Frente a aquel hombre tirado en el suelo había una mujer postrada. Tendría entre cuarenta y cincuenta años. No sé calcular con exactitud la edad de las mujeres, pero sí le puedo decir que el hombre era bastante mayor. Llegó otro empleado del metro y se hizo cargo de la mujer. No dejaba de gritarle: «¿Se encuentra usted bien?». Yo contemplaba la escena, plantado en mitad del andén. Llegó un empleado más y se hizo cargo de la bolsa que contenía el líquido. La sacó del vagón. Nadie sabía que se trataba de gas sarín, simplemente que era algo sospechoso que había que retirar de allí lo más rápido posible. Volví a subir al tren. Arrancó. Me cambié de vagón porque no quería estar cerca de aquel olor. Me bajé en la siguiente estación, en Shin-nakano.

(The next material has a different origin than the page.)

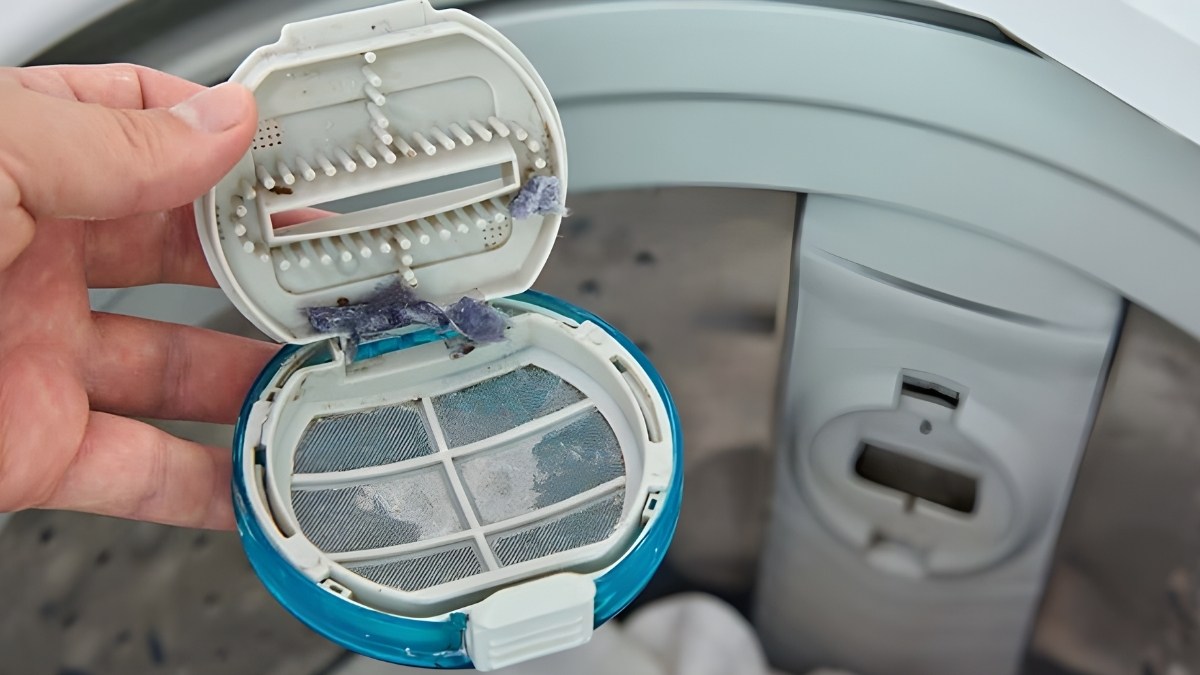 Bộ lọc cặn máy giặt cửa trên là gì?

Caminaba por el pasillo interior del metro cuando empecé a moquear. «¡Qué extraño!», pensé, «no era consciente de que estaba acatarrado.» Estornudé, tosí, a mi alrededor todo se oscureció. Las tres cosas sucedieron de manera simultánea. «Esto sí que es raro», me dije. En cualquier caso, aún me sentía bien, estaba despierto, atento. Podía caminar por mi propio pie.

Me fui derecho a mi oficina, que se halla justo encima de la estación. Aún tenía la vista nublada, la nariz congestionada, no podía dejar de toser. Les expliqué a mis compañeros que no me sentía bien. Me tumbé en el sofá con una toalla húmeda cubriéndome los ojos. Quería refrescármelos. Un compañero me aconsejó que la calentara. Le hice caso y así estuve una hora entera. Sabe usted lo que pasó: me recuperé. Me sentía como nuevo, otra vez podía ver el cielo azul cuando apenas un momento antes todo estaba oscuro, como si fuera noche cerrada, los colores habían desaparecido.

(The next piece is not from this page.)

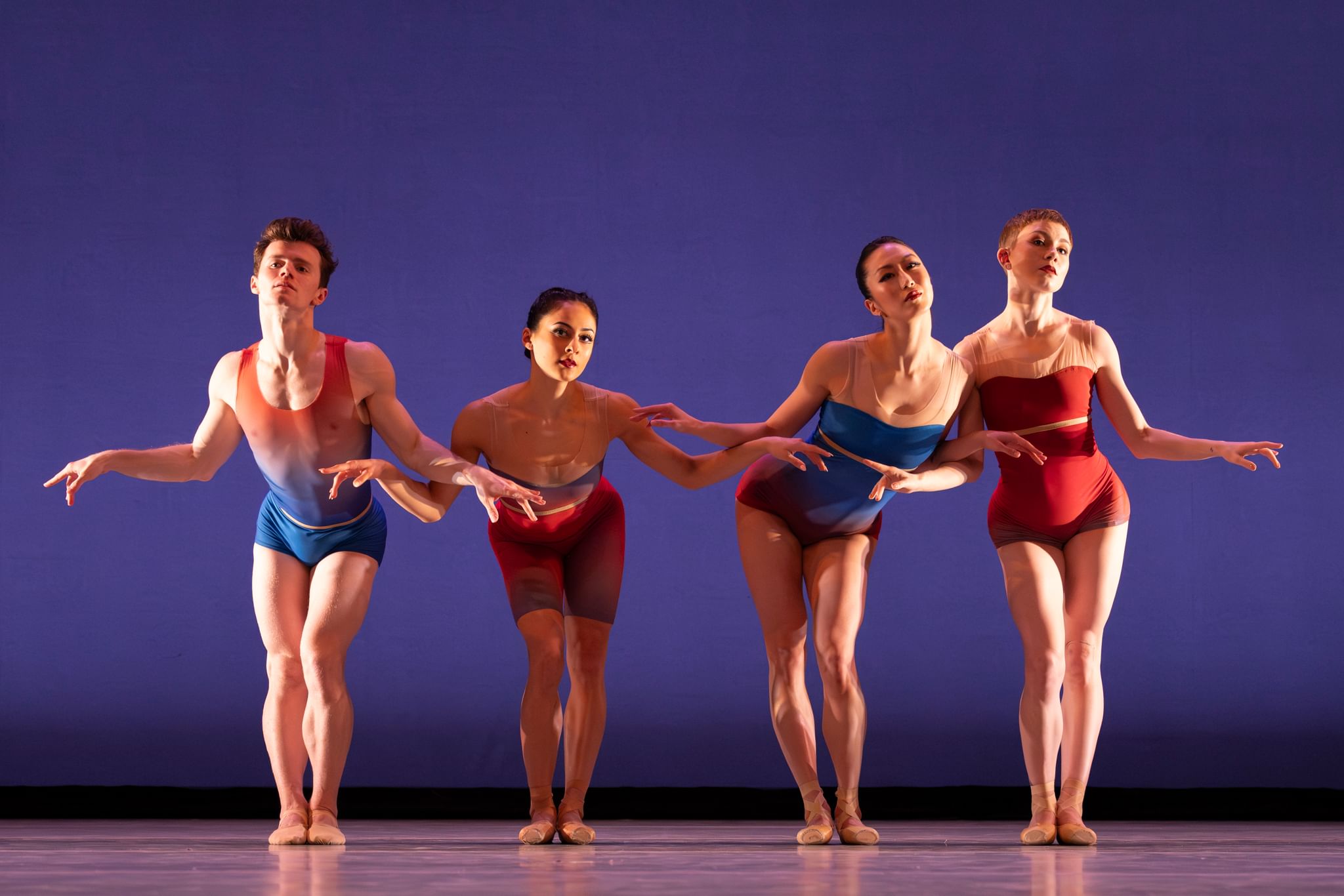 The dancers, in sheer leotards, stand in a line & lean forward with hips thrust out, arms bent to create a graceful wavy line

Me puse a trabajar. Más tarde, a eso de las diez, me llamó mi mujer para decirme que había ocurrido algo grave en el metro. Me preguntó si me encontraba bien. No quería preocuparla. Le dije: «Mejor imposible». Al menos había recuperado la vista.

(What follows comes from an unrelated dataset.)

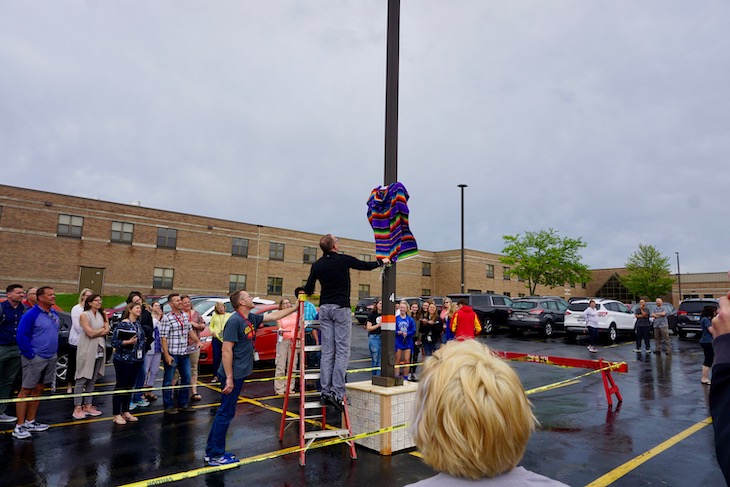 Mr. Holm unveiling his "Holm Place" sign by the parking spot he parked in for 37 years at RMS.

Llegó la hora del almuerzo. Fui a un restaurante que está cerca de la oficina para comer una sopa de tallarines. Tenían la televisión encendida. ¡Qué conmoción por todas partes! Había escuchado el ulular de las sirenas desde por la mañana, pero no había prestado demasiada atención. En la tele explicaron que uno de los síntomas que padecían las víctimas era la pérdida de visión. Nada más oírlo se me encendió una señal de alarma, pero no fui capaz de relacionar lo que me pasaba con aquellos paquetes que había visto en el metro y que olían tan mal.

Fui al Hospital General de Nakano para que me examinaran los ojos. Tan pronto como vieron las pupilas contraídas me inyectaron un antídoto y me pusieron un gotero. Los análisis de sangre revelaron que tenía el nivel de colinesterasa bajo. Me ingresaron de inmediato; me dijeron que no me darían el alta hasta que recuperase su nivel normal.

Llamé a la oficina para explicar que iba a estar unos cuantos días en el hospital. Me disculpé y les pedí por favor que recogieran mi mesa. También llamé a casa. Mi mujer me lanzó un duro reproche a través del auricular: «¿Qué significa exactamente para ti encontrarse bien?». (Risas.)

Permanecí ingresado seis días; de lunes a sábado. Prácticamente no me dolía nada. Había estado justo al lado del gas sarín y, a pesar de todo, mis síntomas fueron milagrosamente leves. No debieron de llegarme los efluvios de aquella cosa. En el vagón el aire circula de la parte delantera a la trasera. Supongo que si me hubiera colocado más atrás, aunque sólo hubiera sido en el intervalo de unas cuantas paradas, habría tenido un serio problema. Me imagino que eso es lo que llamamos «destino».

No he tenido miedo de volver a viajar en metro ni tampoco pesadillas. Quizá se deba a que soy un insensible con la piel demasiado curtida, pero creo firmemente que fue cosa del destino. No suelo subir nunca al vagón por la puerta delantera. Siempre lo hago por la segunda. De haberlo hecho así, el gas me habría llegado de lleno. Aquel día entré en el vagón por la puerta delantera sin ninguna razón especial. Pura suerte. Hasta el día de hoy el destino me ha respetado. Sencillamente, nunca me ha pasado nada. Mi vida es muy sosa, muy corriente… Y de pronto sucedió aquello.